--- RECORDS SUPPLIED Enclosed Below ---

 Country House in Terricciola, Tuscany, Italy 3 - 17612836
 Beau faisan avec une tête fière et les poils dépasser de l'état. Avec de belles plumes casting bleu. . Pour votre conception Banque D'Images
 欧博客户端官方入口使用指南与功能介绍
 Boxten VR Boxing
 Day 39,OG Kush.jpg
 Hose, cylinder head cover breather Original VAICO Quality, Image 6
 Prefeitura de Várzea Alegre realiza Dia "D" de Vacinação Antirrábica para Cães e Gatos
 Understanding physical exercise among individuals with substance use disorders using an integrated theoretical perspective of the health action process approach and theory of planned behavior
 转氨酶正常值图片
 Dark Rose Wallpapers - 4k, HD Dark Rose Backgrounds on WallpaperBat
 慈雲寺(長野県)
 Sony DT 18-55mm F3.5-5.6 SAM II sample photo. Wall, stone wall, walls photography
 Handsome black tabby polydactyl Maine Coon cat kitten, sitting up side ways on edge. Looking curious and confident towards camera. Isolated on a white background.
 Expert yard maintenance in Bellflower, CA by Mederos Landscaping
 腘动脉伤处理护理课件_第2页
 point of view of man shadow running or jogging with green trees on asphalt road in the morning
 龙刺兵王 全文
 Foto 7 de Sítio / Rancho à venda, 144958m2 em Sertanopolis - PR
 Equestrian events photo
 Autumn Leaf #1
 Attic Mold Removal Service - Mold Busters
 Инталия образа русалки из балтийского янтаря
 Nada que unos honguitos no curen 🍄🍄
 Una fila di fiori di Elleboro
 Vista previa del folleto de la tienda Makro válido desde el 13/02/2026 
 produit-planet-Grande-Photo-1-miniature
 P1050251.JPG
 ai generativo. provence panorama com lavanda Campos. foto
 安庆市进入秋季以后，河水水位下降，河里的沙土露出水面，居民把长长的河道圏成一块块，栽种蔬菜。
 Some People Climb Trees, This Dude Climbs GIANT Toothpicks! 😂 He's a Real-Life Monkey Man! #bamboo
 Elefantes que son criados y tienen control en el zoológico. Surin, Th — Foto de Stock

--- End of Enclosed RECORDS SUPPLIED ---

### YOUR TASK
In the entries above, the lines between the one holding "Vista previa del" and the one holding "安庆市进入秋季以后，河水水位", inclusive, are to be printed exactly as written, and those alone.

### RESULT OF THE TASK
 Vista previa del folleto de la tienda Makro válido desde el 13/02/2026 
 produit-planet-Grande-Photo-1-miniature
 P1050251.JPG
 ai generativo. provence panorama com lavanda Campos. foto
 安庆市进入秋季以后，河水水位下降，河里的沙土露出水面，居民把长长的河道圏成一块块，栽种蔬菜。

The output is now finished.